The S&P 500 advanced 1.3% on Friday, November 23rd.  Friday’s volume was below both Wednesday’s volume and the 30 day moving average.  With the large advances in the S&P 500 index during the past week it would take a drop of about 40 points on Monday (-2.8%) to change our forecast to an uncertain trend by triggering our stop loss algorithm.

Subjective Comment:

The S&P 500 market volume on Friday was very light; the lightest of the week.  Friday was a shorted day, hence the lighter volume.  Low volume is very typical for the holiday week of Thanksgiving.  The advance in US markets with light volume means investors should be cautious about a potential market rally.  An advancing market with strong volume is more the type of daily data experienced during sustained rallies.  The advance over the past week could be sustained or wiped out when normal trading resumes after the weekend.
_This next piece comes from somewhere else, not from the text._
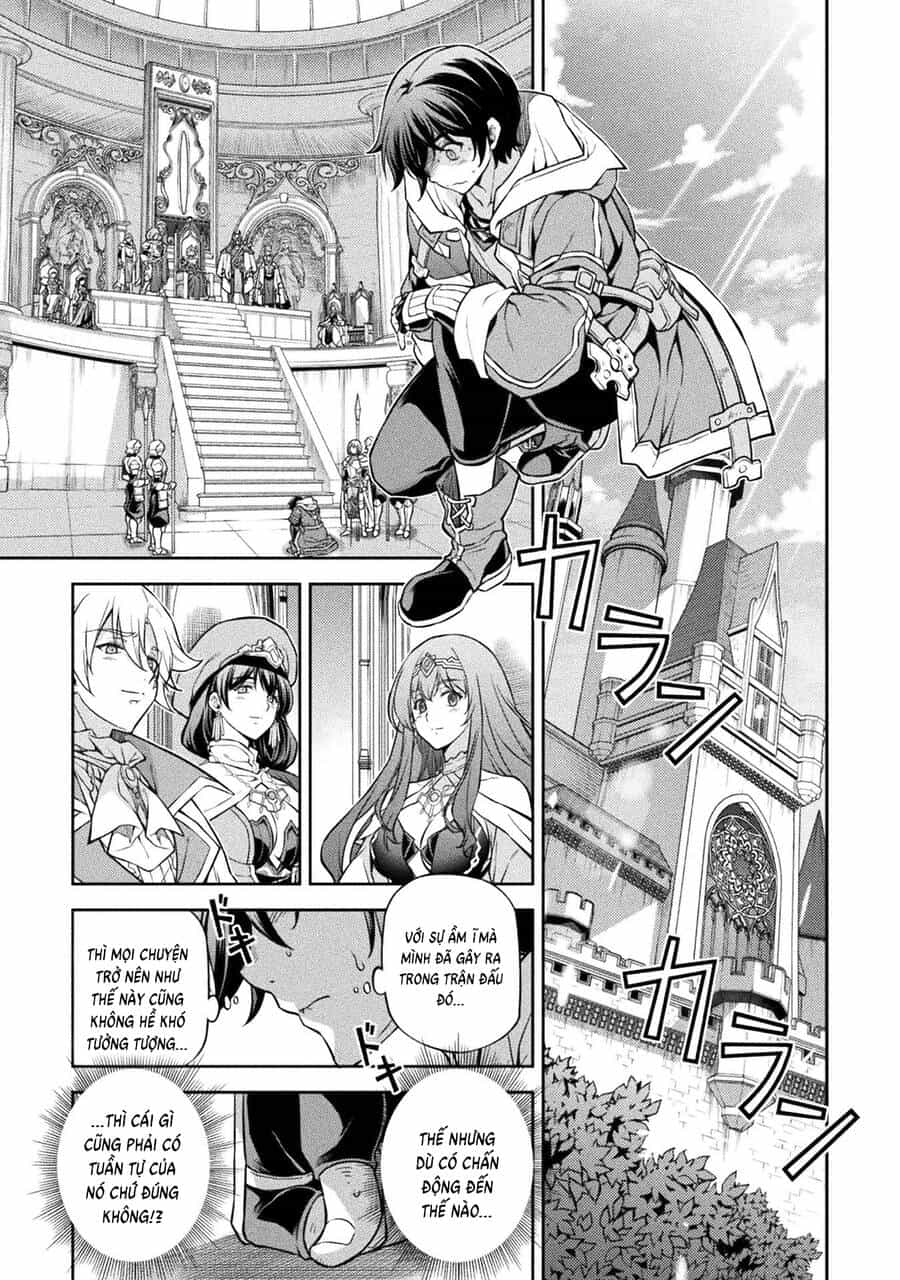 Drawing: Saikyou Mangaka Wa Oekaki Skill De Isekai Musou Suru! - Chương 53 - ảnh 10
The Federal Reserve published updated money supply data on Friday, November 23rd.  The growth of US M2 (not seasonally adjusted) continues to gradually accelerate.  With the most recent data included the straight line growth over the past 7 months is 8.5% annualized.  The residual control chart we use to identify changes in the growth rate has not identified any change in the growth rate.  The acceleration is present but so slight that it is not detectable within the weekly variation inherent in the data.  The growth rate of 8.5% remains just enough to prevent US markets from crashing but not strong enough to cause markets to advance.  If US M2 continues to grow around 8% to 9%, we think the US economy and markets will stagnate for a while.  The Federal Reserve’s unlimited purchasing of Mortgage Backed Securities is igniting a boom in the housing markets, but the trickle to the rest of the economy will be gradual as long as US Banks remain unwilling to accelerate their rate of lending.  The new QE money appears to be accumulating as excess reserves in the banking system.  When US banks accelerate lending the US M2 money supply will grow much more rapidly.  We expect this will eventually happen, but when is unclear.  Given the political uncertainty regarding federal tax rates and the “fiscal cliff”, we think US banks will wait until early 2013 before making any significant changes in their lending policies.  US markets will likely be volatile for the remainder of 2012, but we do not expect any significant growth.

Our advice to our readers remains to stay out of all bonds, and avoid the Eurozone markets as the debt crisis there appears to be getting worse with no political solution available.  Continue to avoid US stock market index funds for the time being but be ready to invest if the US money supply growth rate accelerates.  Price inflation will continue to be a problem, so investing part of your portfolio in hedges against price inflation remains a good idea if you can hold these investments for a long time without selling.

Thank you to all of our readers!  We appreciate your patronage and the recommendations you’ve been giving to your friends and families.